Attention is currently required from: Paul Menzel. Julius Werner has posted comments on this change. ( https://review.coreboot.org/c/coreboot/+/62828 )
Change subject: x86: mmio: Qualify variables as volatile ......................................................................
Patch Set 1:
(1 comment)
Patchset:
PS1:
There is no garantee in the C standard that '(type *)CONSTANT' will actually point to the hardware address 'CONSTANT'. It's just how gcc happens to do it in most cases. [https://gcc.gnu.org/bugzilla/show_bug.cgi?id=99578#c29]
That's it, folks, the GCC developers have now completely lost their minds as well. There's officially no sane compiler left.
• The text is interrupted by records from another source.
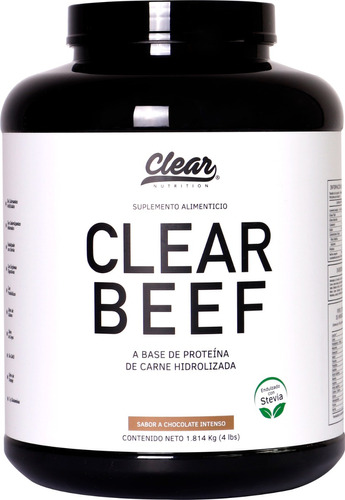 Clear Beef Proteina De Carne Hidrolizada 4 Lbs 50 Serv Sabor Chocolate Intenso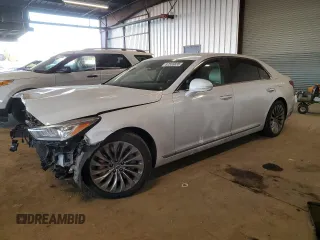 2017 Genesis G90 5.0L Ultimate with VIN KMHG54JH7HU029720, listed as a Copart auction lot 87555835 with 0 mi miles and Salvage Title. Bid and sale history available at carsss.com. Image 1.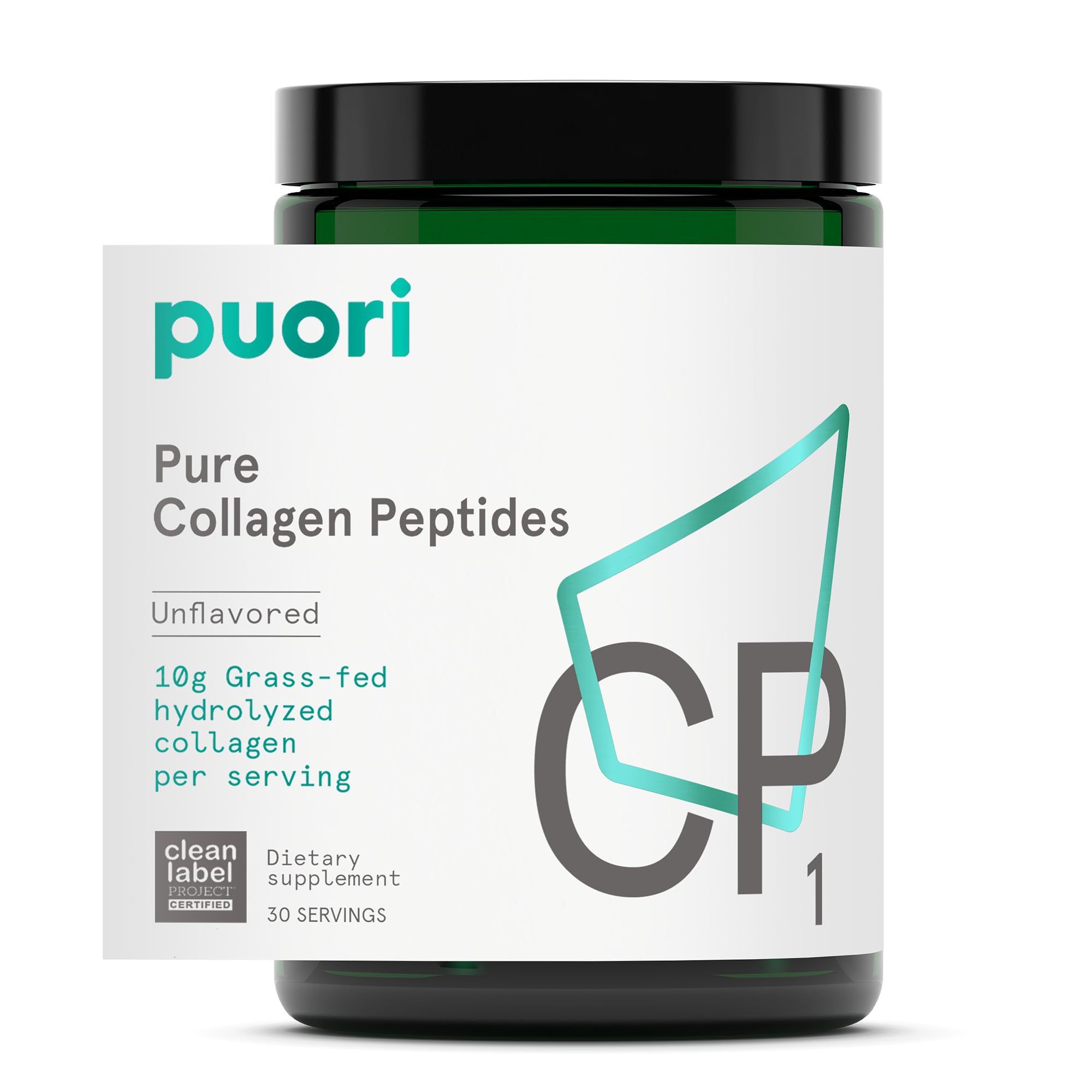 Puori Pure Collagen Peptides bottle; convenient daily collagen for skin and joints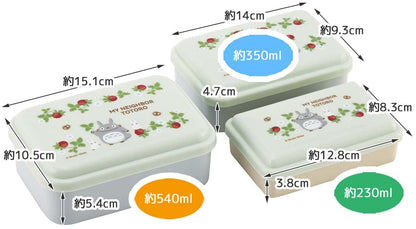 Skater My Neighbor Totoro Antibacterial Sealable Containers Set of 3 Raspberry- Japan Figure Store - #1 Bring To You The Best Japanese Goods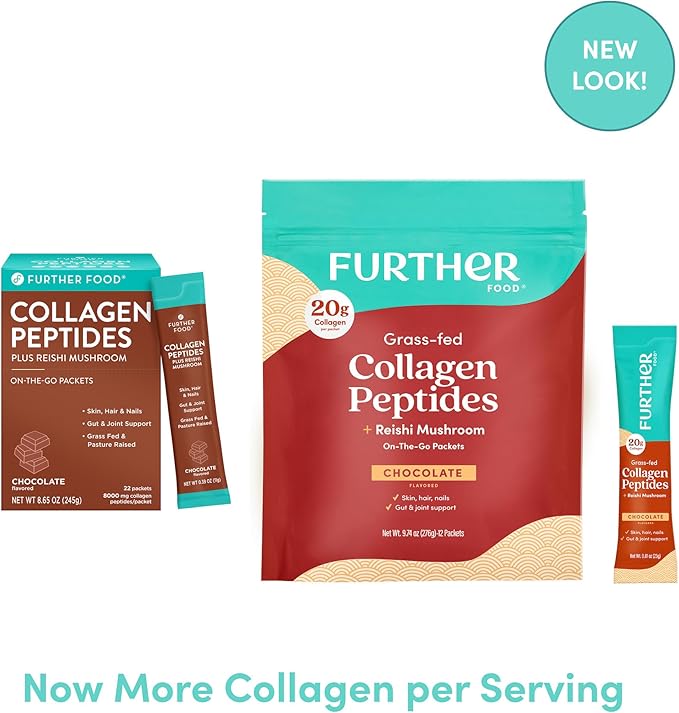 Further Food Chocolate Collagen Peptides Powder Stick Packs, Grass-Fed Pasture-Raised Hydrolyzed Type 1 & 3 Protein, Gut Health + Joint, Hair, Skin, Nails, Paleo Keto Sugar-Free 9.74 oz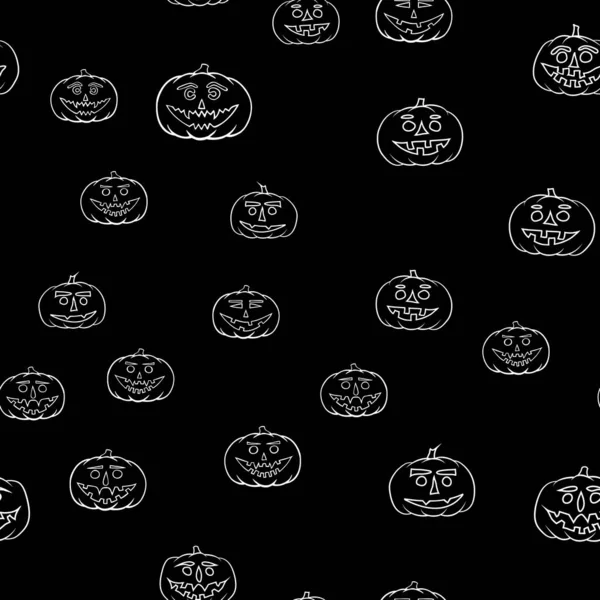 Dibujado a mano jack-o-linterna patrón sin costura - fondo de Halloween — Archivo Imágenes Vectoriales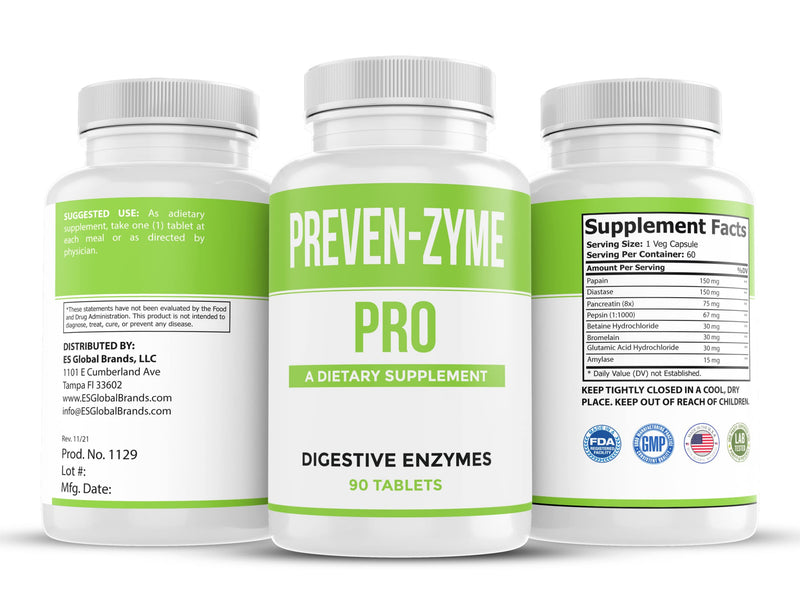 [Australia] - Prevenzyme Pro Digestive Enzyme Supplement (90 Tabs) Manufactured by Legere Pharmaceuticals for ES Global Supports Healthy Digestion, Relieves Gas & Bloating with Pepsin Pancreatin Papain Bromelain 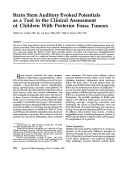 Cover page: Brain Stem Auditory Evoked Potentials as a Tool in the Clinical Assessment of Children With Posterior Fossa Tumors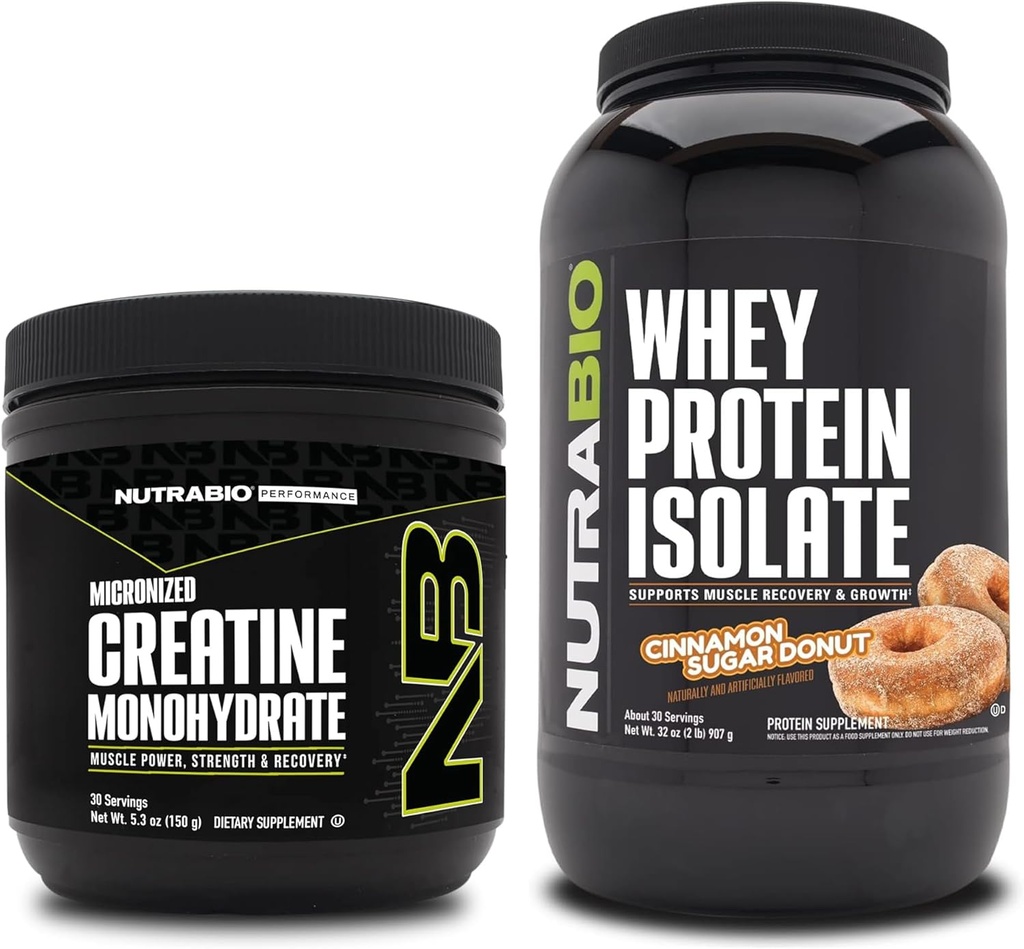 NutraBio Kretine Monohidrat, Unflavored, 150g ve Whey Protein Isolate, Cinnamon Sugar Donut, Supplement Sche - Muscle Energy, Lean Muscle growth, Recovery, and Strength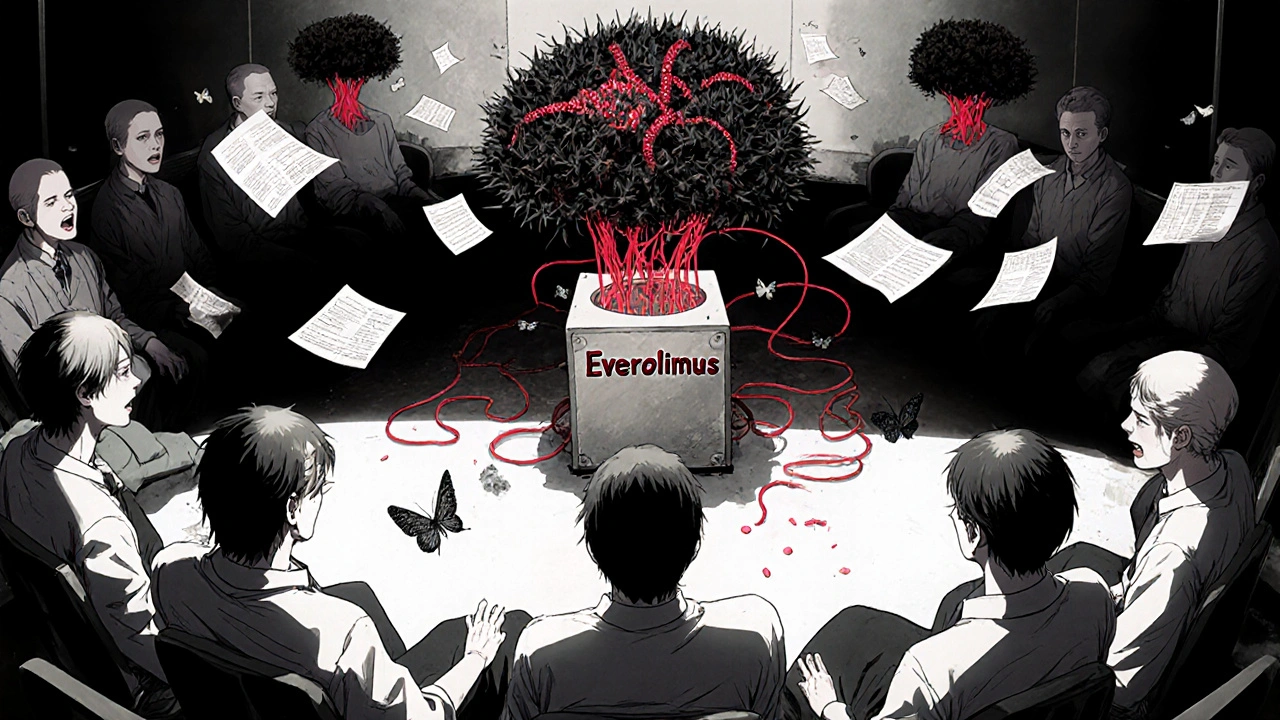 Twelve patients in a circle, their skulls open to thorned tumors connected to a machine, one tumor crumbling to ash.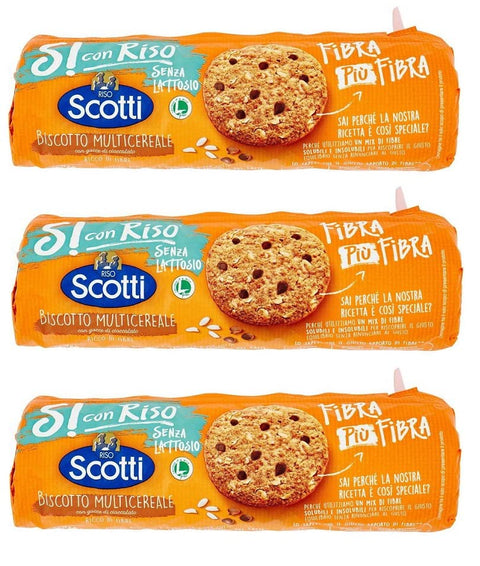 Riso Scotti Si con Riso Biscotto Multicereal Multicereal Biscuits with Chocolate Chips Lactose Free, Milk Protein Free, 250 g, Pack of Approx. 20 Biscuits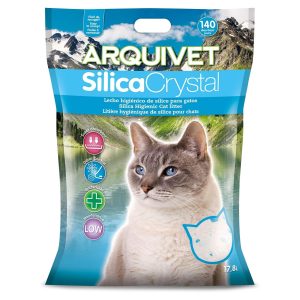Arena para gato Arquivet silica crystal 17.8 l, elimina olores y bacterias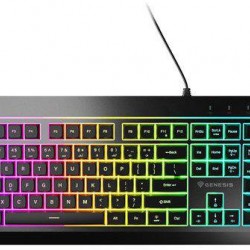 Tastatura gaming cu fir Genesis RHOD 530, tip membrana, iluminare RGB, numar taste 114, material ABS, lungime cablu 180cm, negru
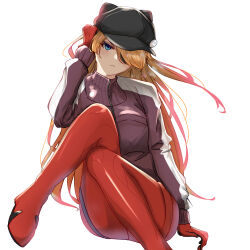 Rule 34 | 1girl, absurdres, blue eyes, bodysuit, closed mouth, evangelion: 3.0 you can (not) redo, eyepatch, hair between eyes, hat, highres, invisible chair, jacket, long hair, long sleeves, neon genesis evangelion, orange hair, pilot suit, plugsuit, rebuild of evangelion, red bodysuit, shiny clothes, simple background, sitting, solo, souryuu asuka langley, syica, white background, wide hips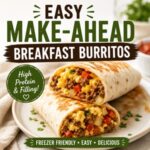 These easy make-ahead breakfast burritos are packed with protein, freezer-friendly, and perfect for busy mornings! Filled with eggs, sausage, cheese, and simple ingredients, they’re an easy breakfast meal prep idea for simple homemade living, from scratch living, and realistic mornings when you need something filling fast.
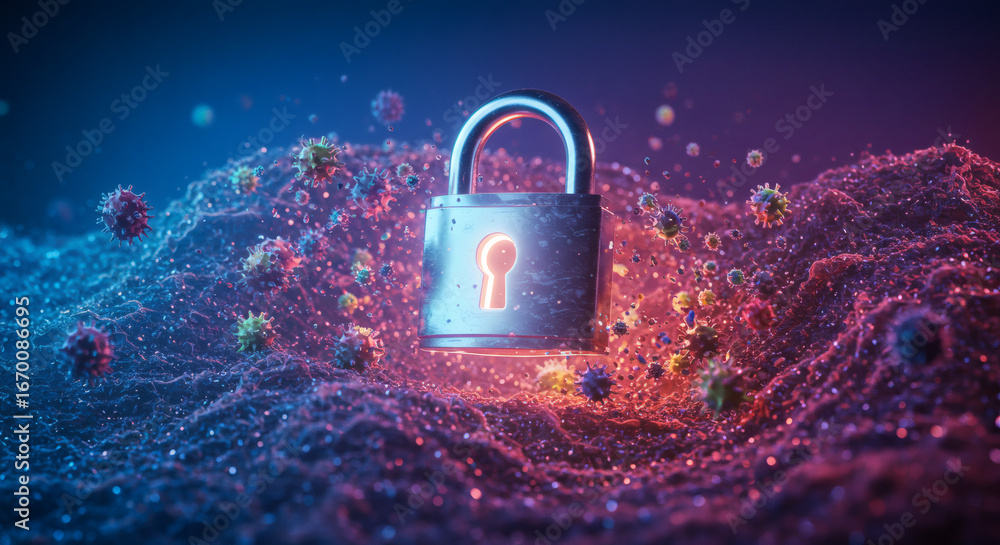 Poster cybersecurity and data protection safeguarding digital landscapes with a secure lock and viruses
Declaring these pointer arguments as volatile has no real meaning in C and is really "wrong" from a theoretical standpoint. Personally, I think I'd prefer if we could wait with uprevving to GCC 11+ until they hopefully have found their senses again and implemented a flag to disable this crap, if we should be so lucky. Or is maybe setting -Wno-array-bounds for a while an option? How useful is that warning?
However, if we want to stick to this then please at least clarify in the commit message that this is a workaround for a GCC bug, not a real fix. And add a comment to mmio.h to point to the bug so we might maybe one day have a chance to revert this back out.